A statement from his family said:
"Sir Roger Bannister, died peacefully in Oxford on 3rd March 2018, aged 88, surrounded by his family who were as loved by him, as he was loved by them.
"He banked his treasure in the hearts of his friends."
Lord Coe, who followed in Bannister footstep's by breaking the mile world record in 1981, paid tribute to an inspirational man.
The president of athletics governing body said on Twitter: "This is a day of intense sadness both for our nation and for all of us in athletics. There is not a single athlete of my generation who was not inspired by Roger and his achievements both on and off the track."
Coe later said:
"When we joined our athletics clubs, Roger Bannister was the person that they were talking about.

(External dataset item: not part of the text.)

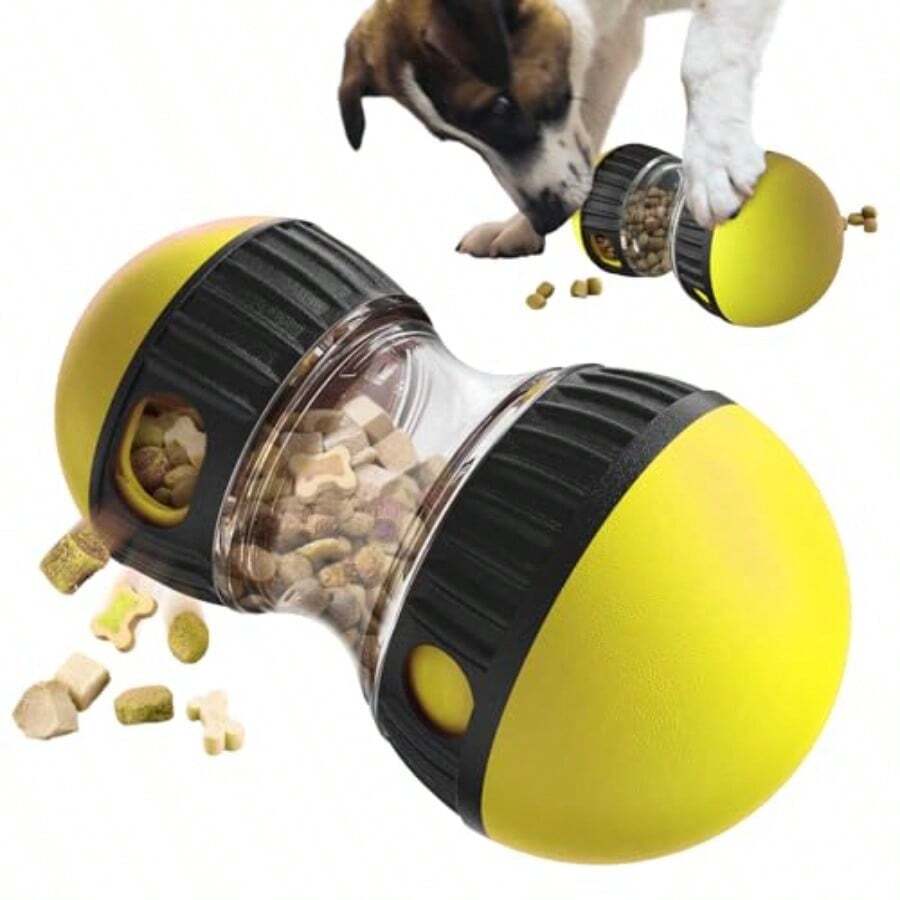 Dog Interactive Toys Dogs Puzzles Feeder Adjustable Food Dispensing Treat Dispenser Slow Feeding For IQ/Physical Training And Brain Stimulation Large Medium Small Dog - 黃色 - 查看 1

"We will miss him dramatically. He's one of the cleverest people I've ever met but, in equal measure, probably one of the most modest and what he did was Herculean."
British Athletics tweeted: "All at British Athletics are incredibly saddened by the passing of Sir Roger Bannister at the age of 88. A legend in every sense of the word."
The London Marathon posted on Twitter: "For some the word legend doesn't quite cut it. Rest in peace Sir Roger Bannister."
Sir Mo Farah, fresh from winning the 'Big Half' as he fine-tunes his London Marathon preparations, described Bannister as "always humble, supportive and encouraging" and "an inspiration to so many".
British long-distance runner Jo Pavey, a former European champion over 10,000 metres, said Bannister's feat "showed that barriers could be broken".
She said: "He's such a great example to all the athletes coming through. He was such a gentleman, so able to give encouragement to all the generations of athletes coming through and he'll be so sorely missed. He's left such an amazing legacy in our sport, he was a true hero."